隨著車聯網所需的技術日趨完整，伴隨而來的商機及風險也將日益增加，駕駛者的驗證與辨識將會成為未來重要的議題。實驗室先前的研究提出了一個基於高斯混和模型行為建模方法，克服傳統高斯混和模型在駕駛行為塑模上的問題，並證明其方法於駕駛者驗證上的優勢。本研究將其延伸至開放集駕駛者識別應用，並於開放集駕駛者識別的封閉集識別階段與驗證階段上使用四種方法組合十種架構，探討不同組合的識別效果。最後，我們將架構自模擬環境移至真實環境，看看是否能得到一樣的推論。實驗結果顯示，無論以何種架構進行封閉集識別階段，只要驗證階段使用先前研究提出的方法便能有效的減少相等錯誤率(Equal Error Rate, EER)。模擬環境中傳統 GMM 的 EER 為 23.182%、先前研究提出的方法為 11.185%；真實環境中傳統 GMM 的 EER 為 33.657%、先前研究提出的方法為 17.372%。

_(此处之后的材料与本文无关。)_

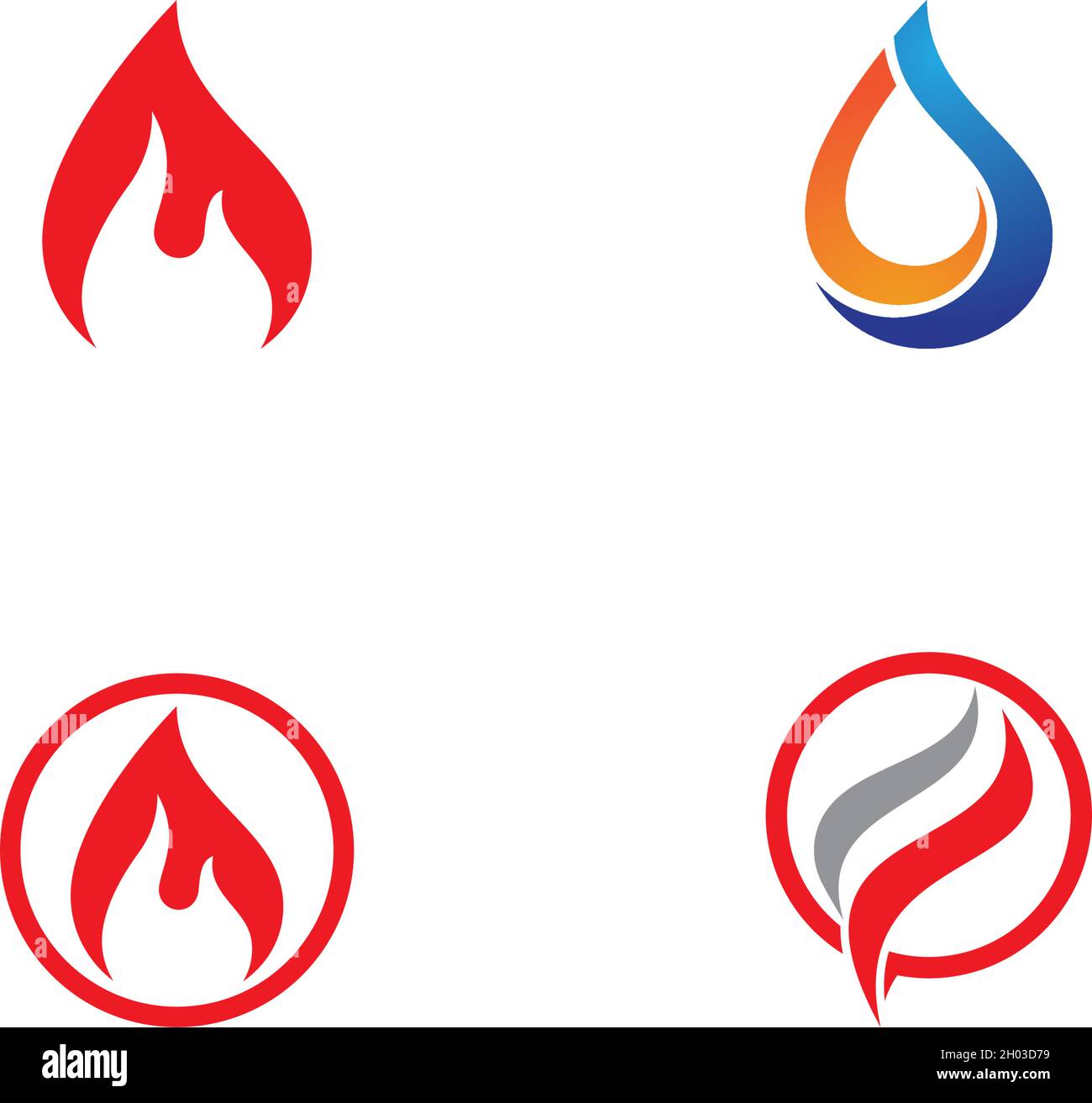Fire flame Logo Template vector icon Oil, gas and energy logo concept ...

As the technology required for the Internet of Vehicles becomes more complete, the accompanying business opportunities and risks becomes higher. And the Driver Authentication and Identification will be an important issue in the future. Previous research proposed a driving behavior modeling method base on Gaussian mixture model. The method overcome the problem of traditional Gaussian mixture model in driving behavior modeling and proves the advantage on driver authentication. This paper will apply it to open-set driver identification. And use 10 mechanisms composed 3 extending modeling methods to discuss each effect on close-set registrant identification and registrant authentication. Finally, we experiment in the real-drive environment. And want to know that weather will get the same conclusion or not. The result shows that whatever modeling methods we used on close-set registrant identification, the EER can be reduced effectively as long as the method proposed by previous research is used on registrant authentication. The GMM’s EER is 23.182% and the method’s is 11.185% in simulated environment; The GMM’s EER is 33.657% and the method’s is 17.372% in real-drive environment.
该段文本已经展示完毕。